_PROBLEM REQUIREMENTS_
Produce a verbatim copy of the records, and keep the images out of it.

_TASK INPUT_
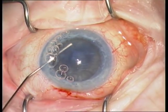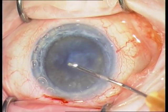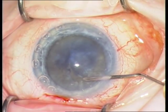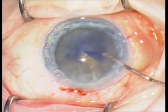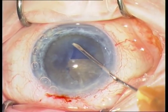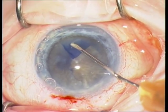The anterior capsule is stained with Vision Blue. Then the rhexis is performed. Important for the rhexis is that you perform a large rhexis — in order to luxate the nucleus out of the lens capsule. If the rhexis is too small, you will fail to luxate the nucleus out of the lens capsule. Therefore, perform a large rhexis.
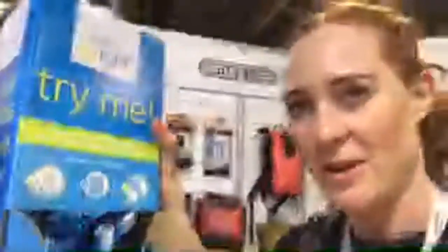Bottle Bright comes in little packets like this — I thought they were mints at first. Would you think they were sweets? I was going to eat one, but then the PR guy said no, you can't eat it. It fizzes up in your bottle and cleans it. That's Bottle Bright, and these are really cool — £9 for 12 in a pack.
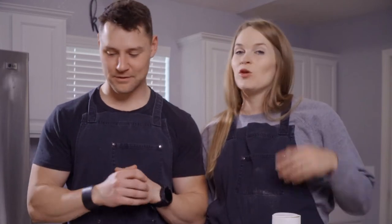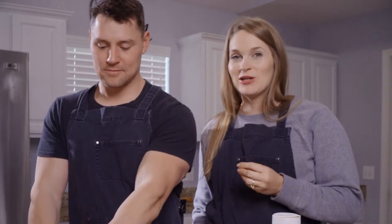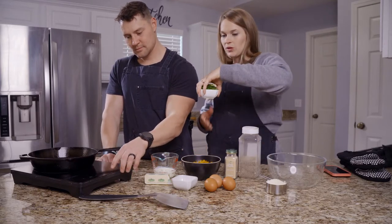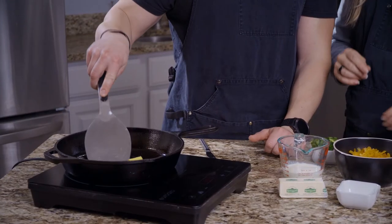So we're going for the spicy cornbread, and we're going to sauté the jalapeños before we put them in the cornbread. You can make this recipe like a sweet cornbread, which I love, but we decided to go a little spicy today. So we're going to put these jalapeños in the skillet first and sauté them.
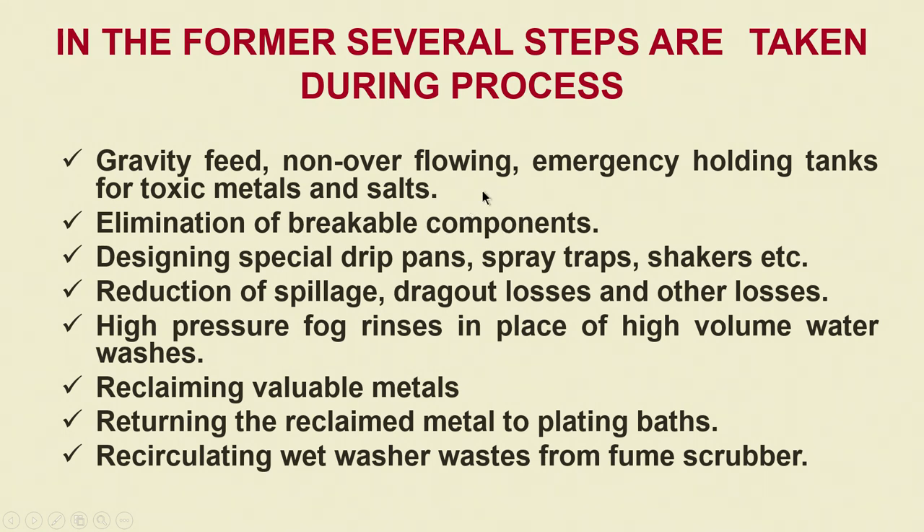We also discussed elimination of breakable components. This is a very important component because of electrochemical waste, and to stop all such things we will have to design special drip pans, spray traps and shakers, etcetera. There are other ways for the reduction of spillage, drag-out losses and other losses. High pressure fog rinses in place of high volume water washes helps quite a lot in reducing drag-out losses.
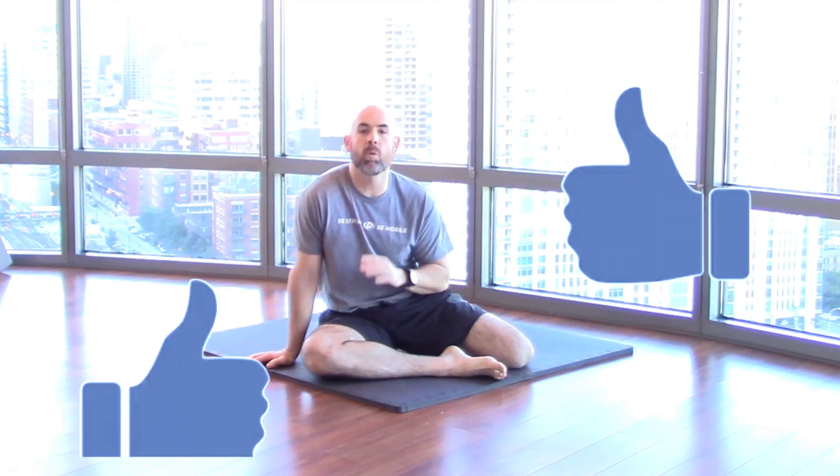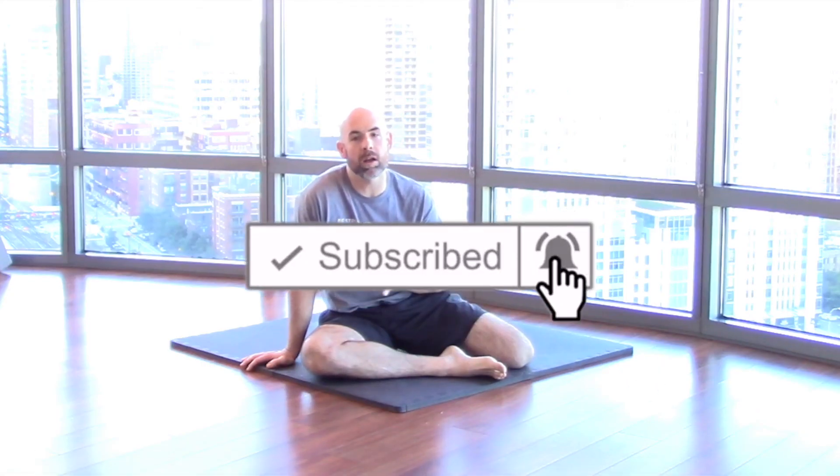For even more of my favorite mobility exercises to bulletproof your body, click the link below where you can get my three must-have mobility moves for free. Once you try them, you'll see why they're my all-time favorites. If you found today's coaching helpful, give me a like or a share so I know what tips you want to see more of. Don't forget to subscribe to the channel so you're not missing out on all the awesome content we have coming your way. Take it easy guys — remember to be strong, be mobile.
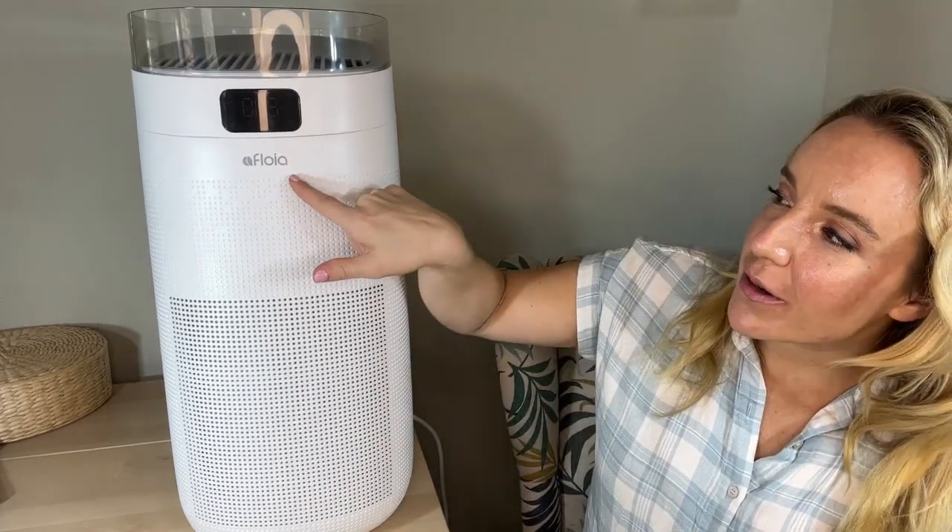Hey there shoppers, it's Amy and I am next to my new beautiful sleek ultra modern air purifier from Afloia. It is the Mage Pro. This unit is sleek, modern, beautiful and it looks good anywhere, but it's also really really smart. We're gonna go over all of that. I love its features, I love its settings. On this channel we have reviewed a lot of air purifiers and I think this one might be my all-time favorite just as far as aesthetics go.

_RESULT FOR THIS EXERCISE_
The anterior capsule is stained with Vision Blue. Then the rhexis is performed. Important for the rhexis is that you perform a large rhexis — in order to luxate the nucleus out of the lens capsule. If the rhexis is too small, you will fail to luxate the nucleus out of the lens capsule. Therefore, perform a large rhexis.
Bottle Bright comes in little packets like this — I thought they were mints at first. Would you think they were sweets? I was going to eat one, but then the PR guy said no, you can't eat it. It fizzes up in your bottle and cleans it. That's Bottle Bright, and these are really cool — £9 for 12 in a pack.
So we're going for the spicy cornbread, and we're going to sauté the jalapeños before we put them in the cornbread. You can make this recipe like a sweet cornbread, which I love, but we decided to go a little spicy today. So we're going to put these jalapeños in the skillet first and sauté them.
We also discussed elimination of breakable components. This is a very important component because of electrochemical waste, and to stop all such things we will have to design special drip pans, spray traps and shakers, etcetera. There are other ways for the reduction of spillage, drag-out losses and other losses. High pressure fog rinses in place of high volume water washes helps quite a lot in reducing drag-out losses.
For even more of my favorite mobility exercises to bulletproof your body, click the link below where you can get my three must-have mobility moves for free. Once you try them, you'll see why they're my all-time favorites. If you found today's coaching helpful, give me a like or a share so I know what tips you want to see more of. Don't forget to subscribe to the channel so you're not missing out on all the awesome content we have coming your way. Take it easy guys — remember to be strong, be mobile.
Hey there shoppers, it's Amy and I am next to my new beautiful sleek ultra modern air purifier from Afloia. It is the Mage Pro. This unit is sleek, modern, beautiful and it looks good anywhere, but it's also really really smart. We're gonna go over all of that. I love its features, I love its settings. On this channel we have reviewed a lot of air purifiers and I think this one might be my all-time favorite just as far as aesthetics go.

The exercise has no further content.